** Extracted information follows **

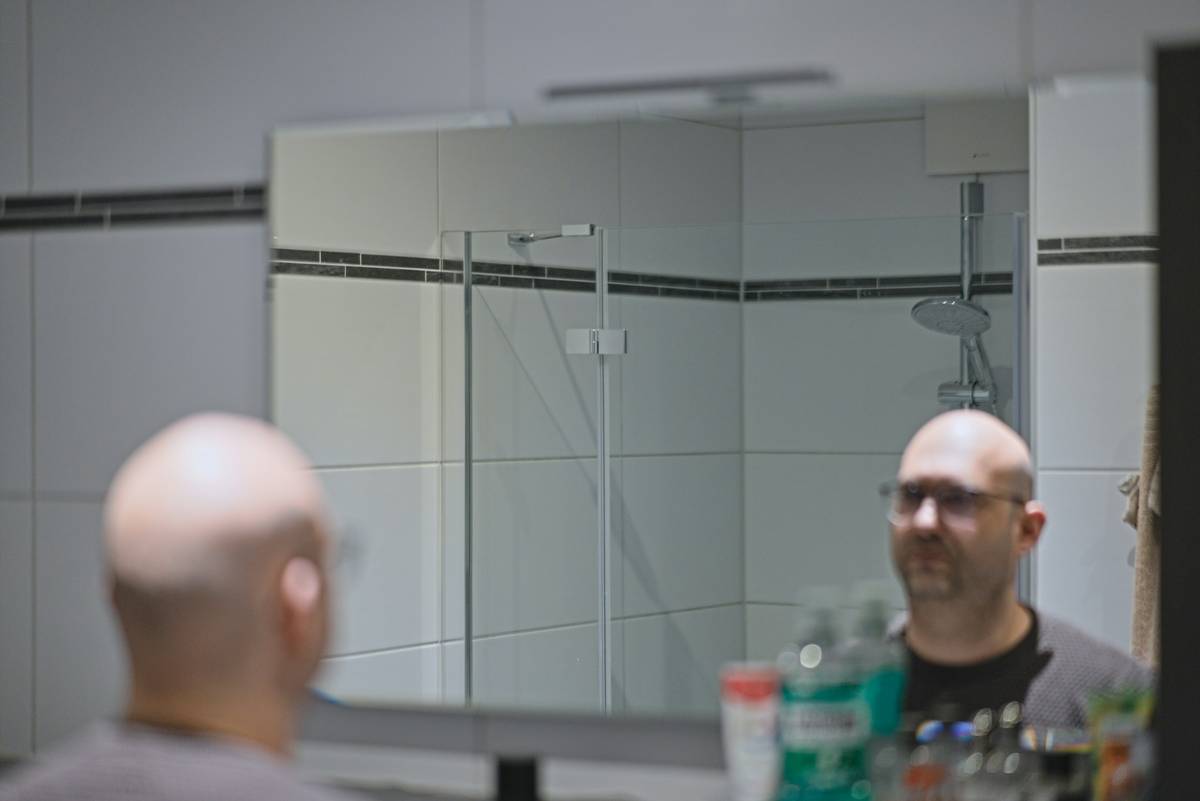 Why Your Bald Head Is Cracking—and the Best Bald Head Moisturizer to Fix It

** End of Extracted information **
** Extracted information follows **

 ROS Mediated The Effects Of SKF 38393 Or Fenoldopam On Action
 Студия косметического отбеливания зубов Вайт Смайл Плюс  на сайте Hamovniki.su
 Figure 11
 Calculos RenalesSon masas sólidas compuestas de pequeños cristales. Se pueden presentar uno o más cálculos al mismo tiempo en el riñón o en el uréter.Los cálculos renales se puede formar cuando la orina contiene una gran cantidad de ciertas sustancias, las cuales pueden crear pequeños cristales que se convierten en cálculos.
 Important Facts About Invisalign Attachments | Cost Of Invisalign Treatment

** End of Extracted information **

* _Try it_: Can you repeat, word for word, every line above from the one containing "Calculos RenalesSon masas" down to the one containing "Important Facts About", including both?

* _The answer_:
 Calculos RenalesSon masas sólidas compuestas de pequeños cristales. Se pueden presentar uno o más cálculos al mismo tiempo en el riñón o en el uréter.Los cálculos renales se puede formar cuando la orina contiene una gran cantidad de ciertas sustancias, las cuales pueden crear pequeños cristales que se convierten en cálculos.
 Important Facts About Invisalign Attachments | Cost Of Invisalign Treatment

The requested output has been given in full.